Une telle descente laissera des traces sur les organismes (et j’en aurai d’ailleurs quelques courbatures dans la semaine suivante). La piste nous conduit alors jusqu’au pied du sentier Cathare qui permet de rejoindre le Château de Quéribus. Je cours à un bon petit rythme. A l’amorce du sentier, je passe en mode marche sur cette terre ocre. Bien vite, voilà le ravitaillement du parking du Château de Quéribus. Il restera encore quelques mètres de dénivelé pour approcher les murailles de Quéribus, que nous contournons par la gauche pour rejoindre une Crête qui domine le Château. Tout comme le Château de Peyrepertuse, Quéribus est bien antérieur au Catharisme. Pour autant, on l’associe toujours à cette période des Cathares, tant la Croisade contre les Albigeois a marqué notre esprit collectif.  
 
 
Quéribus fut en effet le dernier bastion des « Bonnes gens » à être tombé aux mains des croisés en 1255. Et tout comme à Montségur, la tragédie des Cathares nous a marqué tous. Le Château de Quéribus a pourtant continué à jouer son rôle de défense de la frontière entre la France et l’Espagne jusqu’au Traité des Pyrénées. Pour moi qui aime l’histoire, c’est un privilège de pouvoir fouler « un livre d’histoire » d’une seule traite lors d’un trail. Un peu comme le superbe « Trail des Citadelles » organisé à Lavenalet par Michel (présent à la Course des Seigneurs) et son équipe. Toute la Crête au dessus de Quéribus nous offre un panorama somptueux sur les Pyrénées enneigées. Je profite de la belle descente. Les 13 derniers km sont loin d’être une formalité. 
 
 
Et il faut dire que je commence à accuser la distance. Faute à un entrainement encore insuffisant à cette période de l’année. Il faut dire que notre Anjou est sensiblement plus plate que ce terrain accidenté et engagé. Pour rejoindre le dernier château à Padern, nous empruntons des sentiers tout fraîchement créés par les organisateurs. C’est une succession de bosses.

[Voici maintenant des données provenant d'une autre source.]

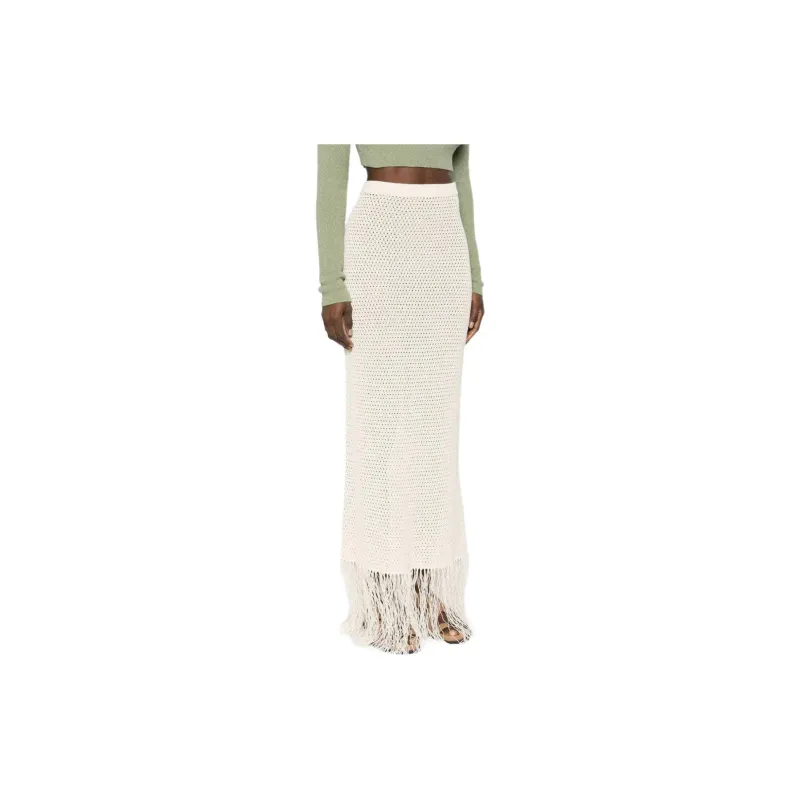NANUSHKA Lindy Fringed Openwork Skirt-3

J’approche du Prieuré de Padern. Et voilà bientôt le Château (en ruine) et les belles ruelles de Padern. Un dernier ravito sur la placette et les derniers 7 km s’offrent à moi. Je vais alterner marche et course, car je viens de passer en mode « off ». Non que cette portion ne me déplaise, mais je n’ai plus trop de jus. Non que j’ai mal géré ma course, mais un trail de 48 km n’est (et ne doit pas être) pris à légère. D’autant que la Course des Seigneurs est un beau morceau.
 
 
Du coup, je profite de ces beaux paysages de vignobles. Ce ces champs caillassés, de ces coquelicots signe de printemps. La toute dernière côte (que nous avons descendue au départ) semble infinie. Que c’est costaud. Je bascule dans la descente, les derniers mètres encouragés par ma famille… et je franchis la ligne d’arrivée, au pied du Moulin de Cucugnan. Un peu plus de 7 heures d’une ballade qui m’a enchanté. J’ai profité, j’ai voyagé. Dans un beau pays, dans mes songes… J’aime me retrouver dans ces belles organisations qui sont pour moi l’occasion de voyager avec les autres et avec moi-même. Un bon repas d’après course… puis un excellent dîner à l’Auberge du Vigneron… nous permettront de profiter intensément de ce séjour en Pays Cathare. 
 
J’en ramène de belles images, de beaux instants, de belles rencontres et de bonnes bouteilles. Bref, encore une fois, c’est un plaisir de prendre part à de telles épreuves. Si bien organisées… que c’est un réel privilège de n’avoir qu’à mettre des baskets pour se laisser guider dans un tel cadre. Un grand merci à tous les organisateurs et à tous les bénévoles pour ce cadeau qu’ils nous ont offert. Plus de 400 participants sur ces Trails Cathares peuvent témoigner de la beauté de ce coin de France. Je pars avec les senteurs de thym, de romarin et de buis. L’accent et les éclats de rire du sud. La lumière du ciel et les sourires des visages. A bientôt, j’en suis sûr… 
 
 
" Voici mon secret. Il est très simple : on ne voit bien qu'avec le coeur. L'essentiel est invisible pour les yeux. C'est le temps que tu as perdu pour ta rose qui fait ta rose si importante. Les hommes ont oublié cette vérité. Mais tu ne dois pas l'oublier. Tu deviens responsable pour toujours de ce que tu as apprivoisé. Tu es responsable de ta rose ". Saint-Exupéry, Le Petit Prince.